In another win for American agriculture, China agreed to immediately resume imports of U.S. soybeans, a crucial export for Midwest farmers and a political priority for the Trump administration. However, as The New York Times and Al Jazeera both noted, soybean futures in Chicago slipped after the summit, with traders expressing disappointment at the lack of concrete details about the scale and timing of new purchases.

Technology, too, was on the table—though not, perhaps, as front and center as some had hoped. Semiconductors, the building blocks of modern artificial intelligence and a major source of friction between Washington and Beijing, were discussed, but Trump clarified that “We’re not talking about the Blackwell,” referring to Nvidia’s latest AI processors, which remain under tight U.S. export controls. The question of Chinese access to U.S. technology, particularly in the fast-moving field of AI, remains unresolved.

Other elements of the truce include a one-year pause on Chinese countermeasures related to the U.S. Section 301 trade investigation, suspension of plans to extend technology-related export controls to Chinese subsidiaries, and a halt to tit-for-tat port fees. Trump announced plans to visit China in April 2026, with Xi expected to make a reciprocal visit to the U.S. “sometime after that.” Notably, the contentious issue of Taiwan did not come up during the talks.

For all the headline-grabbing announcements, many in the business community and among policy experts remain cautious. Sabrin Chowdhury, head of commodities at BMI (part of the Fitch Group), told The New York Times that it could take a decade for the U.S. and its allies to develop independent supply chains for rare earth materials. In the meantime, Western countries are investing heavily to reduce their reliance on China, but progress is slow and the risks of future disruptions remain high.

European officials, meanwhile, are seeking clarity on what China’s export pause will mean for them. The European Union Chamber of Commerce in China has warned that factories across the continent are struggling to secure enough rare earth magnets, and with only half of export license requests reportedly being approved by Beijing, uncertainty remains the order of the day.
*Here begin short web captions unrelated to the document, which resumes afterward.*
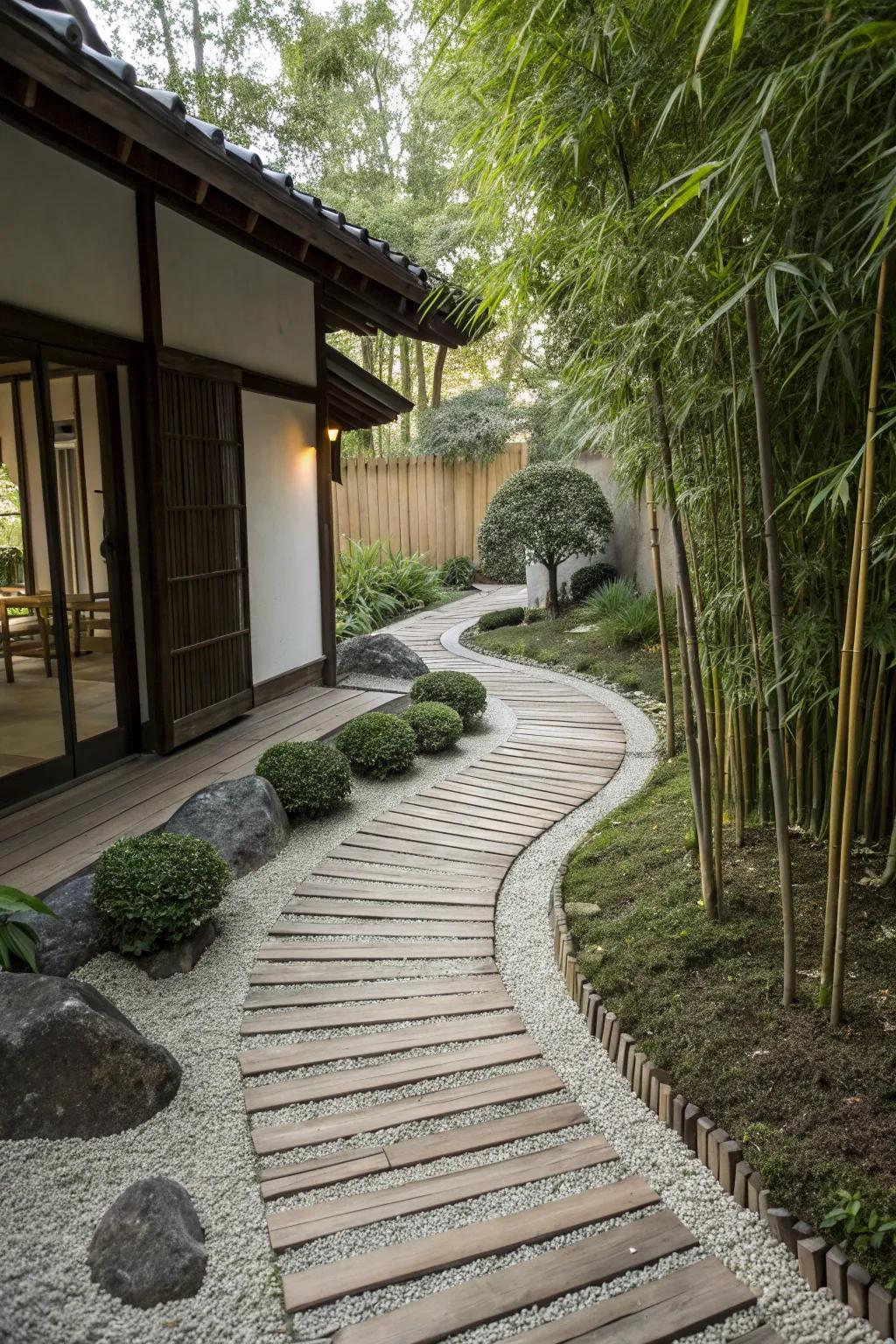 A Zen garden path brings peace and tranquility to outdoor spaces.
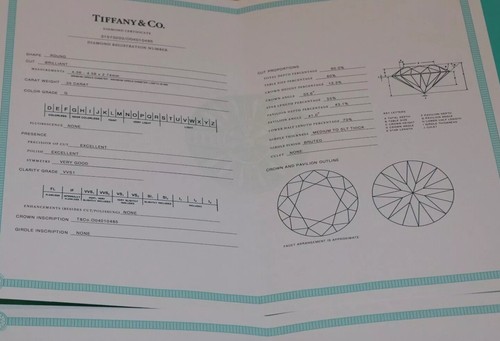 Tiffany & Co Platinum Round Brilliant Cut Diamond Stud Earrings .70ct VVS1 G $9K - Picture 5 of 6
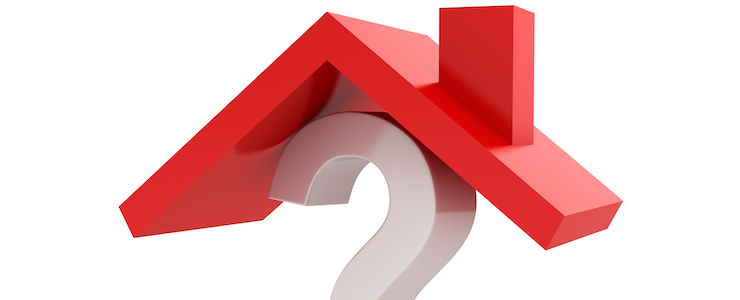 House Roof on Question Mark , This is a 3d Rendered Computer Generated Image. Isolated on White.
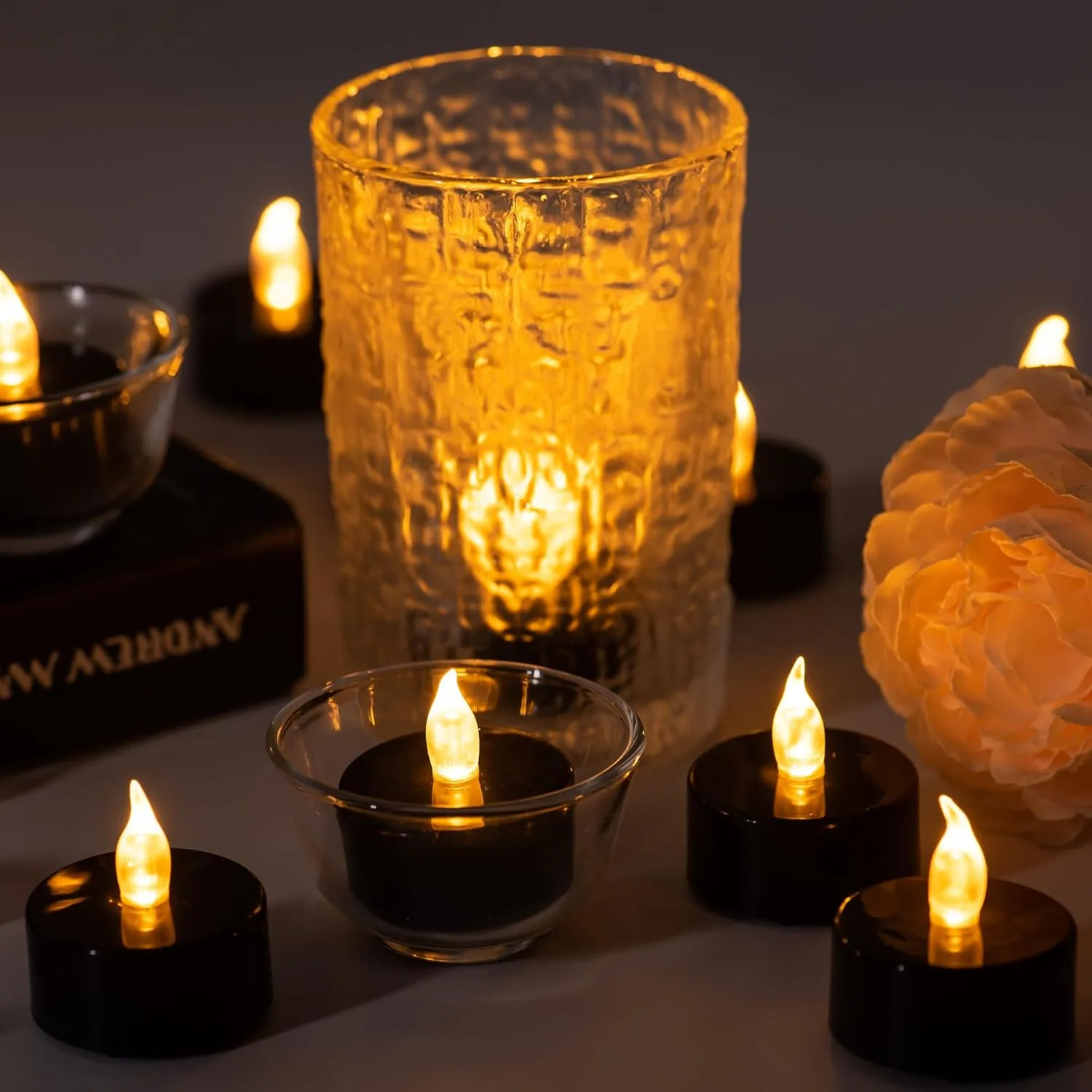 Lasts 2X Longer Black Flameless Tealight Candles, 100 Pack, Batteries Included, Realistic Tea Lights Candles, Flickering Bright Tealights, Battery Operated Candles for Halloween Decorations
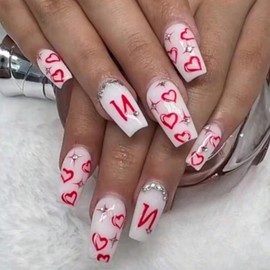 Valentine's Day Press on Nails Medium Square Fake Nails with Rhinestones Design Glossy Red Heart White Artificial False Nails Reusable Stick on Nails Valentine for Women DIY Manicure Decoration 24Pcs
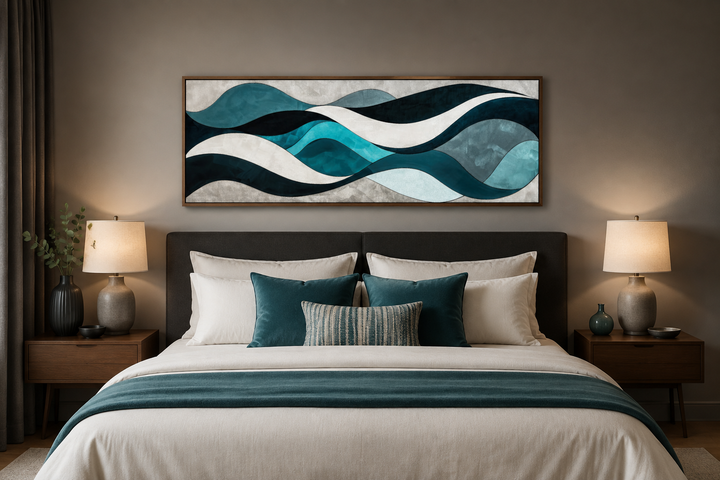 Teal, blue, and grey abstract waves horizontal wall art hanging above a bed in a modern bedroom.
EU trade officials are set to meet with their Chinese counterparts in Brussels, hoping to hammer out more predictable arrangements.

As for the future, both sides have left the door open to further negotiations. Trump, for one, expressed optimism that the yearlong suspension of China’s October export controls will be extended before it expires. Xi, according to Chinese state media, emphasized that China “does not seek to challenge or replace any other country and instead focuses on doing its own business well.” He called for both sides to “focus on long-term benefits brought by cooperation rather than falling into a vicious cycle of retaliation.”

In the high-stakes world of U.S.-China relations, even a temporary truce offers a measure of relief—and a chance, however slim, for a more stable future. But with so many issues left unresolved and the underlying competition for technological and economic supremacy still simmering, few are betting that the calm will last.